Morita is located at the far end of the mall. Both entrances can’t be accessed from inside of the mall, but getting there is easy once you get the right directions. The restaurant itself is massive: there’s a stage for bands that play at night, several tables for large families or groups, and a spacious second floor. Morita seemed bare and quiet on a weekday afternoon, but the interiors managed to highlight the restaurant’s cleanliness and size.
Morita’s menu is just as massive as its interior. At first, you’ll be overwhelmed by the variety of appetizers, salads, sashimi and sashimi variations, sushi, vinegared dishes, maki, teppanyaki, and donburi. The restaurant, however, has lunch sets at PHP 350 and special menus for those looking for more affordable bites. Diners can also have massive bento box meals that include Tempura Gozen and Chicken Teriyaki sets at around PHP 600.
Given the menu’s incredible number of raw seafood, we decided to try the Take Sashimi Moriawase (PHP 645) set of tuna, ika, uni, kajiki, and shima aji, Spicy Morita Roll (PHP 485), and Soft Shell Karaage (PHP 590). The sashimi set was served first and the presentation showed how fresh each piece was cut and prepared from the sushi bar. Each sashimi order was soft and smooth on the tongue. Since we were only two, the quantity of the order left that “umay” taste, but having a smaller order probably won’t have the same effect.

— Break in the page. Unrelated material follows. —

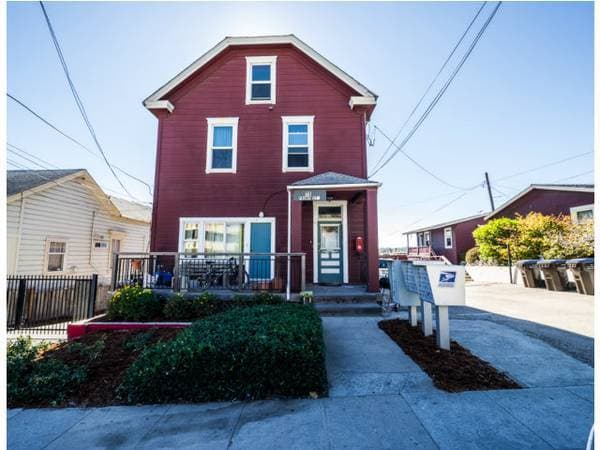 3BR/2BA Single Family House on Front St. · Santa Cruz photo 1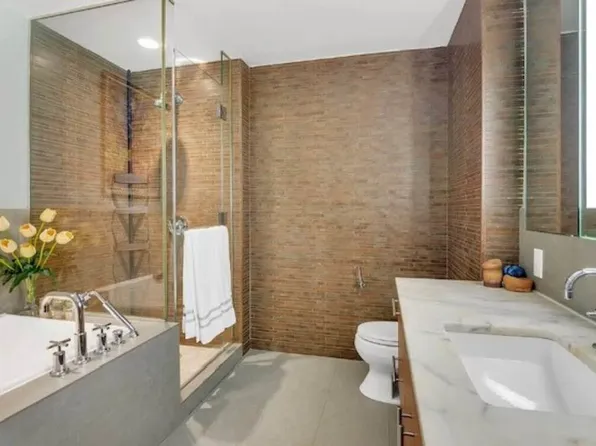 306 Gold Street image 7 of 22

The Spicy Morita Roll was generous in serving. The thick rolls were difficult to eat at first: each roll contained unagi, mango, kanifry, asparagus, lettuce, tobikko, spring onions, and haikara topped with spicy sauce and Japanese mayo. Upon eating the maki in one go, we could only taste the “California maki” side of the Morita roll in the mango and Japanese rice. But the inclusion of the unagi gave the dish a special twist. The salmon was fresh, but the sauce wasn’t as spicy as we would prefer. When we ate the roll in two bites, we were able to taste the freshness of the salmon and appreciate the insides of the roll more. Overall, the dish was money well spent thanks to the quality of the ingredients and the consistency of the servings.
The Soft Shell Karaage was a bit of a disappointment. Although the outer layers were crisp and the parts served didn’t scrimp on the crabmeat, the batter tasted too salty. The vinegar-based sauce toned down the saltiness, but the extra savor lingered in between bites. Perhaps we should’ve had the soft shell crab with a cup of rice.
Despite the odd setup of a stage in a Japanese restaurant, Morita is a worthy place to visit for those who live or work in the area. We recommend visiting during the day, as the night time bands may distract you from studying the menu’s long lists and enjoying the food’s freshness. Quezon City residents definitely have something to look forward to.